Comparison of Heteranthera Dubia (Jacq.) MacM.-associated Macroinvertebrates Between Georgraphical Regions in the United States

Date: May 2010
Creator: Harms, Nathan Earl
Description: Macroinvertebrates associated with the aquatic plant, water stargrass (Heteranthera dubia), were sampled from 12 waterbodies in four regions of the United States from June to August 2005. Taxa richness, evenness, and diversity were lowest in the Lower Midwest (LMW) region, and higher in Northern sites, especially the Upper Midwest (UMW), and Northeast (NE). While relative abundance varied from site to site and region to region, utilization of the plant by functional groups remained fairly constant. Collector-gatherers consistently comprised the largest portion of invertebrates sampled. The shredder/ herbivore functional group comprised an average of 17 % of total groups.
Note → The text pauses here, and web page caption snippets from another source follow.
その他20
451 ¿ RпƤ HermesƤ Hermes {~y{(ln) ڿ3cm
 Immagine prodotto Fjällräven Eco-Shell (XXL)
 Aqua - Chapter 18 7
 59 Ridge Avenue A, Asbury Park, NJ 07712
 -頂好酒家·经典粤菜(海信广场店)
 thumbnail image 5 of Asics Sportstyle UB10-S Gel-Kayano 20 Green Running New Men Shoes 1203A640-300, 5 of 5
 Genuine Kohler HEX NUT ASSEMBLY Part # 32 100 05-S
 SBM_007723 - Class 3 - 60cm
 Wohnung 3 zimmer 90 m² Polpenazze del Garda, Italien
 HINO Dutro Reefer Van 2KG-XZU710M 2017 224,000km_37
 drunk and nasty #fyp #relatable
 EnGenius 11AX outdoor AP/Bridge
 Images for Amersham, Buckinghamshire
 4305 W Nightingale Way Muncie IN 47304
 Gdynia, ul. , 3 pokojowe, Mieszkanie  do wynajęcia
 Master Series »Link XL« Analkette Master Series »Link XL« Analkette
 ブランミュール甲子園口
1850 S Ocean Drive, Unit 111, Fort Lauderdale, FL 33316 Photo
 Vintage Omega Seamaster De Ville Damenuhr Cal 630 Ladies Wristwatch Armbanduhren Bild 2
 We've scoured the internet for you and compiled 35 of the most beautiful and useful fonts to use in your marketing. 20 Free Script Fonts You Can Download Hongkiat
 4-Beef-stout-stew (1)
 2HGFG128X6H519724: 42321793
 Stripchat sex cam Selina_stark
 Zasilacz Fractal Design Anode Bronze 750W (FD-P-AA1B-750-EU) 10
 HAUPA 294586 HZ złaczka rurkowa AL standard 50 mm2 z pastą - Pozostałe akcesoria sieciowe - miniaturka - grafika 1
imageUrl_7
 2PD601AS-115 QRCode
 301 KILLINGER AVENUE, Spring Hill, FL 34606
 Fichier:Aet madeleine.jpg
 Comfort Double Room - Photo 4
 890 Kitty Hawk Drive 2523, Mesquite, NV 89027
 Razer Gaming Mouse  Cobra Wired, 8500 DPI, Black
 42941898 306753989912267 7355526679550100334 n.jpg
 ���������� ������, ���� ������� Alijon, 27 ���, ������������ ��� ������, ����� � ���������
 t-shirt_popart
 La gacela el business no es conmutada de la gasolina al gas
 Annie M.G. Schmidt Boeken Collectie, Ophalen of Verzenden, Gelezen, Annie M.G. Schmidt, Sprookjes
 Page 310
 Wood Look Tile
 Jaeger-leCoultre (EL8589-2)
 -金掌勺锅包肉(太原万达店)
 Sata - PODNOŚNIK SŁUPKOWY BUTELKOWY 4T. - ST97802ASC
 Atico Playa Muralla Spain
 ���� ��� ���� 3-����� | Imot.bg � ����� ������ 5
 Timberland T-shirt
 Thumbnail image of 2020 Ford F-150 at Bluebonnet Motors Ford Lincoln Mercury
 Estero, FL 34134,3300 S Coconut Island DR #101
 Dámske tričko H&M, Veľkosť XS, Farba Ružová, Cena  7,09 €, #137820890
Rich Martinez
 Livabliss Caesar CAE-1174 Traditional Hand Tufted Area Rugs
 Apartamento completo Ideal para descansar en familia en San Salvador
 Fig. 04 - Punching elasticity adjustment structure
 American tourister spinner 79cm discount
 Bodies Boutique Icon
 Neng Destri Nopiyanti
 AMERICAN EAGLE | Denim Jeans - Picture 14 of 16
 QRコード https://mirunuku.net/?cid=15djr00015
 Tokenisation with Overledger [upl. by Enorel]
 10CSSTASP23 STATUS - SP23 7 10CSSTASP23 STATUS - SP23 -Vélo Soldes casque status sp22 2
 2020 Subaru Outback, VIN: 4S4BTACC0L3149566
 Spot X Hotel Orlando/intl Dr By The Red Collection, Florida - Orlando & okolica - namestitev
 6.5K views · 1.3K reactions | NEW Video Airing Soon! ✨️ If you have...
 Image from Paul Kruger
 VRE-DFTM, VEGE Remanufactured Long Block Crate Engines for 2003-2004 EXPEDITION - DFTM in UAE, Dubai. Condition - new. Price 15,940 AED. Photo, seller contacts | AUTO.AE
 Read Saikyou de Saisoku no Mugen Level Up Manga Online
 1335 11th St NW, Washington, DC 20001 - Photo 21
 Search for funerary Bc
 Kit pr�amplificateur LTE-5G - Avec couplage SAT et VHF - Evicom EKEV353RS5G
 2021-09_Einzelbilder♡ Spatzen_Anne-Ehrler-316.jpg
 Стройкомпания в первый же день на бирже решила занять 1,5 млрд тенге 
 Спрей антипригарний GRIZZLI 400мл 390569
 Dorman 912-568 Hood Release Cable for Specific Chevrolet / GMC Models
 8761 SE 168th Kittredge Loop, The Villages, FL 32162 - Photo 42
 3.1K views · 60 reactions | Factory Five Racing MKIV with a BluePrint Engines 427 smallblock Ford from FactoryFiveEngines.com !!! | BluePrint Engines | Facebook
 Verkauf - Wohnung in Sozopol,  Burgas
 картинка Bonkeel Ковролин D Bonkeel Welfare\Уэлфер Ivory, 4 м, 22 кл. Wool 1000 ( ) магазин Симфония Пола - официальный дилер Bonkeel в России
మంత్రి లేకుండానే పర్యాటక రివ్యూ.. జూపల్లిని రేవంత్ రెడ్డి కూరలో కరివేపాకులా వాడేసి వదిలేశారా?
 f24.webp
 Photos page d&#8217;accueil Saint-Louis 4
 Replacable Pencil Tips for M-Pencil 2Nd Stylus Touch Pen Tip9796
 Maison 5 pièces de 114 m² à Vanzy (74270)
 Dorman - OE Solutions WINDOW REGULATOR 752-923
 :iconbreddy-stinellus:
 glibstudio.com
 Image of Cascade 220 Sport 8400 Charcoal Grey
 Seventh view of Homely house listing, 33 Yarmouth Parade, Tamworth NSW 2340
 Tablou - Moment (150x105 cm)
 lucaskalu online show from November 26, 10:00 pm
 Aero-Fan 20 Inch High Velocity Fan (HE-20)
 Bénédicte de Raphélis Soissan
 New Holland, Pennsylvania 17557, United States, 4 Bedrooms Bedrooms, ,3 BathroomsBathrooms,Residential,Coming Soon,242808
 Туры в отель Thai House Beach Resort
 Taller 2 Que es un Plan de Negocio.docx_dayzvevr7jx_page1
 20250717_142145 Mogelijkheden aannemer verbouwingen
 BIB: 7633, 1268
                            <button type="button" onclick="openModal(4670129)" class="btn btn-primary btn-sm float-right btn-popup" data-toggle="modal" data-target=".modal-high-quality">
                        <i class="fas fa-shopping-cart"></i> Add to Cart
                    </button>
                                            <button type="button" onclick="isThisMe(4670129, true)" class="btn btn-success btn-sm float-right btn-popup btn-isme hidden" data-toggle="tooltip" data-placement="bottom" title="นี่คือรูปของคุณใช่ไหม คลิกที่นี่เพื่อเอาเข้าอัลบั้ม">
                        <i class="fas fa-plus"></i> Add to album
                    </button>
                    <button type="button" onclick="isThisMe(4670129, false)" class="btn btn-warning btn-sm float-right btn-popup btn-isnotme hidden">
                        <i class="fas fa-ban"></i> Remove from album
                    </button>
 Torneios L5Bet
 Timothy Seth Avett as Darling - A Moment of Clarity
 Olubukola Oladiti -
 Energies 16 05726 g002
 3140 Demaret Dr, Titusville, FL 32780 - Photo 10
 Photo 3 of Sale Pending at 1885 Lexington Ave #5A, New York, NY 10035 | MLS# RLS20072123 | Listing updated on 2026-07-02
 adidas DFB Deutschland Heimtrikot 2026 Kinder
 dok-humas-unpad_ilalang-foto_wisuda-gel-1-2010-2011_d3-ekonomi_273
Through an exhaustive literature review, it was found that shredder/ herbivores of water stargrass have not been reported in the literature. Because of this, the herbivore group was analyzed separately and consisted of 2,383 specimens representing 23 species. The most common groups were Rhopalosiphum sp., Nectopsyche spp. and chironomids. No differences were found in herbivore diversity or evenness between sampling regions, but species richness was significantly different.